Between the Watch Dogs’s militia roaming a national park and Mace’s secret, The Patriot goes ripped-from-the-headlines and makes it Marvel.
Mace is a man with good intentions but twisted execution. You can advocate for a people, but wearing a mask of their face isn’t the way to do it. One could argue that he was just doing his job if it weren’t for his monologue in The Patriot’s final moments.
Clearly conveyed as meaning to help, Mace’s decision to live in the shoes of something he’s not left me uneasy. Granted, the spy game is all about lying but this one felt off-putting.
Leo Fitz Meet Tony Stark
Radcliffe doesn’t let anyone stand in the way of his work, whereas Fitz’s work won’t let him stand in the way. He can’t help himself from going down a road he knows is a bad idea.
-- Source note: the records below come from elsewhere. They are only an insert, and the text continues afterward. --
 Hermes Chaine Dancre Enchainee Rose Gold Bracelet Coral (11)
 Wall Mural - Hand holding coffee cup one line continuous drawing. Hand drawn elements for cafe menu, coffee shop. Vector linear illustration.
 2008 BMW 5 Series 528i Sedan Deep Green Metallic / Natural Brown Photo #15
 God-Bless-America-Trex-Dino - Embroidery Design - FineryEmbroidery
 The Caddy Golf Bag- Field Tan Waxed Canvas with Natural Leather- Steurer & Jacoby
It’s clear that Fitz is currently standing as Tony Stark in Age of Ultron. He’s a victim of his own sense of discovery misguiding his conscience. Like with Mace, intentions are all well and good but execution is another matter. Perhaps the result will be LMDs with a “safe-mode” or helping to free Robo-May from Radcliffe’s control, allowing her to help the team. The problem is in the variables, so much can go wrong with could intentions. The ramifications could be horrendous.
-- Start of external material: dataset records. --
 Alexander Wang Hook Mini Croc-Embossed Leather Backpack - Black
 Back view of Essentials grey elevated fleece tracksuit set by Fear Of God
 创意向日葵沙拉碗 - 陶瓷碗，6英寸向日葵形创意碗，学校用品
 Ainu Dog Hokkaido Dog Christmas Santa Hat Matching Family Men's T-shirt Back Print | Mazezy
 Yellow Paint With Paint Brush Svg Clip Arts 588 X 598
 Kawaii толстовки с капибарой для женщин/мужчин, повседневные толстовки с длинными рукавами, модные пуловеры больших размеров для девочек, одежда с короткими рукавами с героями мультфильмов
The most interesting thing about the LMD storyline isn’t just robots rising up, because we got a fairly straight forward version of that with Age of Ultron. I’m invested in Robo-May’s realization that she is synthetic. For all she knows she’s the real Melinda May, which would imply she’d question any memory she holds.
At some point I have to assume she’ll turn. Whether of her own will or Radcliffe’s programing.
Also, nice gag twisting the real May’s calming dreams. Of course she wouldn’t want to be relaxing at a seaside spa or getting a massage, this is May. Give her something to punch and she’ll sleep like a baby!
The Horror…The Horror!
Cleaning up the loose ends and “whodunnit?” nature of the series feels like a good move this year. Keeping me guessing is nice but I don’t like being bogged down by questions. Right now we’ve got to shed some light on Radcliffe and Nadeer.
While the intrigue doesn’t run quite as thick this year, it’s a benefit for the story. Notes of different types of horror have branched into the story making AoS more open-genre than just a spy show. It’s exciting because it unlocks potential for more weirdness in varied tales to come.